## Exercise requirements
The listing below holds pictures; exclude them. Return exactly the lines from the one with "Neubau DHH im" through the one with "Mimi Hotel Ankara image".

#### Information ####

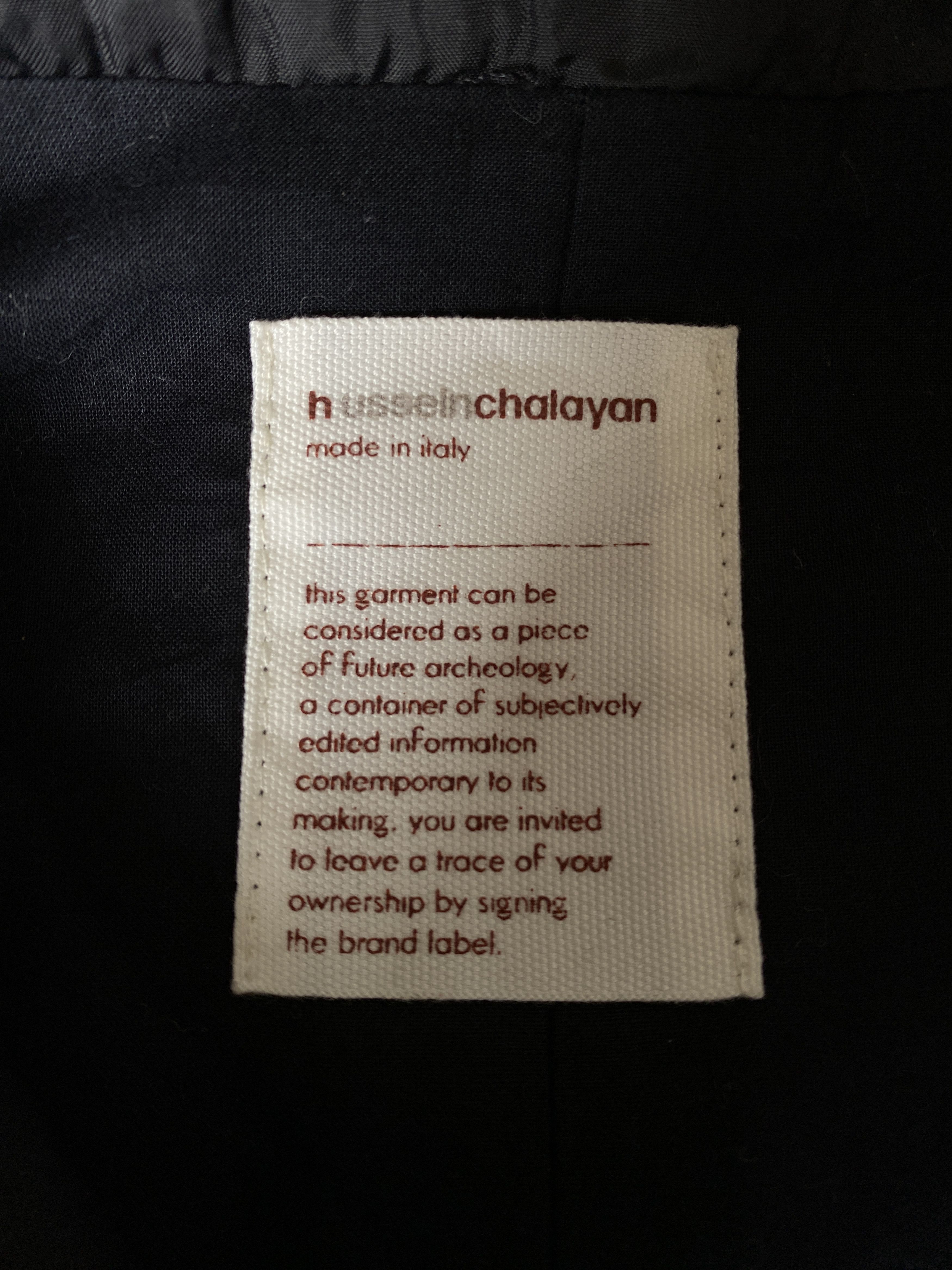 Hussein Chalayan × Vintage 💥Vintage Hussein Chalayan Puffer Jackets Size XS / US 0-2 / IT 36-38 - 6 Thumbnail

####
#### Information ####

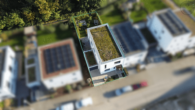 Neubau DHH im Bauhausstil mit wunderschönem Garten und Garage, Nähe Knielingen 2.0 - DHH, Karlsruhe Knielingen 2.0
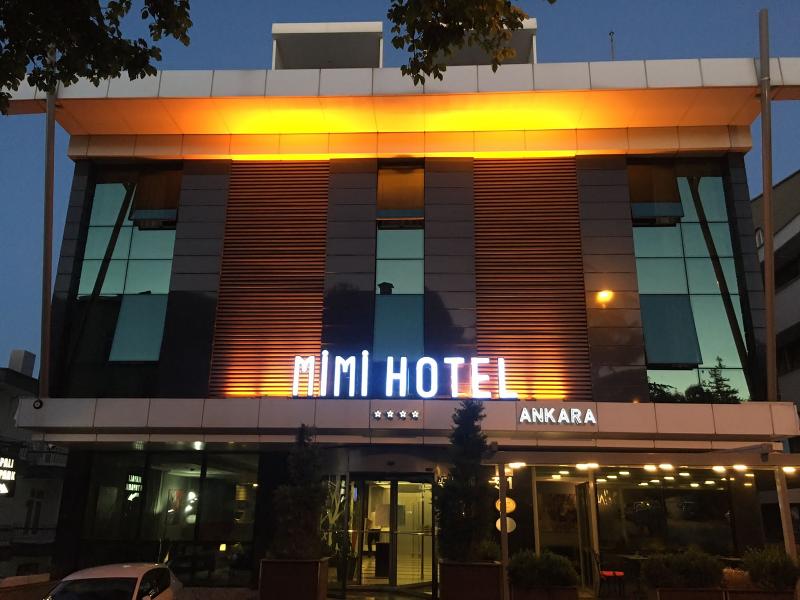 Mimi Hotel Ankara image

####

## Written response
 Neubau DHH im Bauhausstil mit wunderschönem Garten und Garage, Nähe Knielingen 2.0 - DHH, Karlsruhe Knielingen 2.0
 Mimi Hotel Ankara image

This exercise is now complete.